The striking cover art seizes one's attention immediately, sporting a very cool 80s-type logo framing a lone silhouetted, armored warrior bathed in deep red hues in the dying light of the sun. Sadly, the music inside the package doesn't quite fulfill this promise. Maverick perform a no-frills straightforward brand of heavy power metal with snappy riffs, ample crunch, and no proggy parts, keyboard instrumentation, or epic pretensions. There's some quite strong material on display here too, with the first three proper songs ("Black leather man", "Hammer blood", and "Let there be light") scoring high in the catchiness department and offering plenty of headbangable moments. Unfortunately, the quality level is not sustained, and several ensuing songs are simply not good. One prime offender is "Son of wonder", a failed attempt at a lighter, radio-friendly type song with an AC/DCish riff, brought down by a wimpy chorus and a rather painful vocal delivery from singer/guitarist/songwriter Katsuhiko Hotta. Another is "Gone are the days", which again is just too AOR/wimpy, and a stark contrast to the more crushing material that dominates the CD. Then there's "In a state of nature", which sports one of the most annoying choruses ever, and compounds its mistake by repeating the chorus a capella several times at the conclusion of the track. Aaaccccckkkkkkk. It's difficult for any CD to overcome 3 duff tracks, and I'm not sure at the end of the day whether this one does.

At the end of the 43 minute running time, we're left with a promising but inconsistent CD. Aside from the songwriting peaks and valleys, Maverick's music suffers from the fact that it is too typical. Maverick have nothing approaching an "own sound", and do not distinguish themselves from their competitors through particularly killer songs, awesome riffs, or devastating vocals. Their most unique feature is Hotta's Japanese-accented vocals, but that is part of the problem. His voice is okay (maybe like a slightly stronger Minoru Niihara of Loudness), but he is obviously singing phonetically and his quite prominent accent is difficult to stomach. Don't get me wrong: I applaud Hotta for undertaking the daunting task of singing in a foreign language that is so drastically different from his mother tongue. Under the circumstances, though, I think Maverick would be better served if he sang in Japanese, perhaps with a few choruses in English (a la Anthem).

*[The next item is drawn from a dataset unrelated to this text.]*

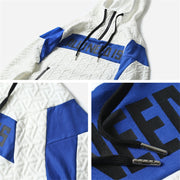 All I Need Is Comfort Hoodie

Still, this 'Maverick' CD is not a poor effort. As mentioned, there are a number of very good songs. Moreover, the professionalism level is high. Even though this CD is a debut, Maverick are not neophytes in the metal industry, as evinced by the fact that they completed at least 3 demos over a period of several years prior to releasing this debut. They are a decent band with room to improve. Here's hoping they start singing in Japanese, give us an album full of tunes like "Black leather man", and never even think about using a chorus as annoying as "In a state of nature" ever again.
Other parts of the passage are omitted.